Hava, iyice soğudu. Biz de, uğurlamaya gelenler de üşüdük. Erdal İnönü, "Siz gidin, biz helikopterde bekleyelim" dedi.

Tokalaştık, helikopterde beklemeye başladık.

Tahminler yapılmaya başlandı: "Acaba şelaleden herkes döndü, o araba mı bulamadı?", "Yoksa memleketi olduğu için gitmeyip bir iki gün kalacak mı?", "Öteki gazetecilerle birlikte kara yoluyla mı döndü?", "Helikopterle havadan arasak mı?"
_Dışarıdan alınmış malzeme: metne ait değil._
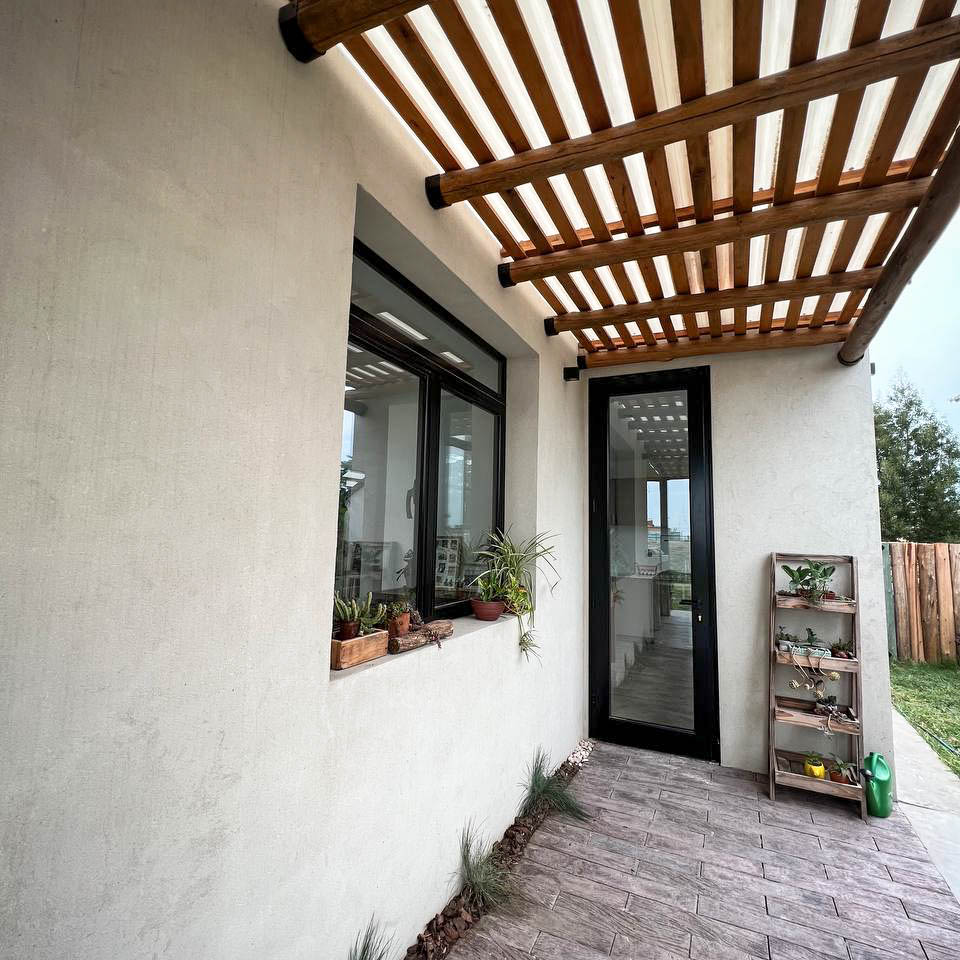 photo_5066848133014727518_y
Beklemeyi sürdürüyoruz. Hava kararacak diye de korkuyoruz.

Saatlere bakılıyor.

Sonunda Ekmekçi'nin gevrek gülüşü duyuldu. "Hah, geldi!" diye herkes sevindi.

Ekmekçi: "Biliyordum beni bırakıp gitmeyeceğinizi. Rahmetli babanız İsmet İnönü de kimseyi yarı yolda bırakmazdı" dedi.
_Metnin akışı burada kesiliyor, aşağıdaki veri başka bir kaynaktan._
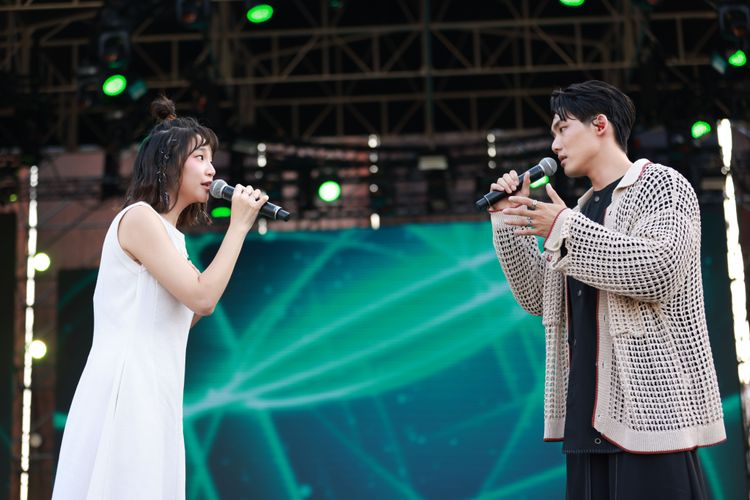 鄭心慈(左)與徐暐翔致敬鳳飛飛。新視紀整合行銷提供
Aynı zamanda geç kaldığı için özür diledi. "Birlikte olduğumuz arkadaşlar suyun kaynağını görmek istediler. Ben de konuk olduğum için onlara hayır diyemedim" dedi.

Kimse bir şey söylemedi.

Helikopter havalandı.

Erdal İnönü çantasından bir defter çıkardı, fizik problemleri çözmeye başladı.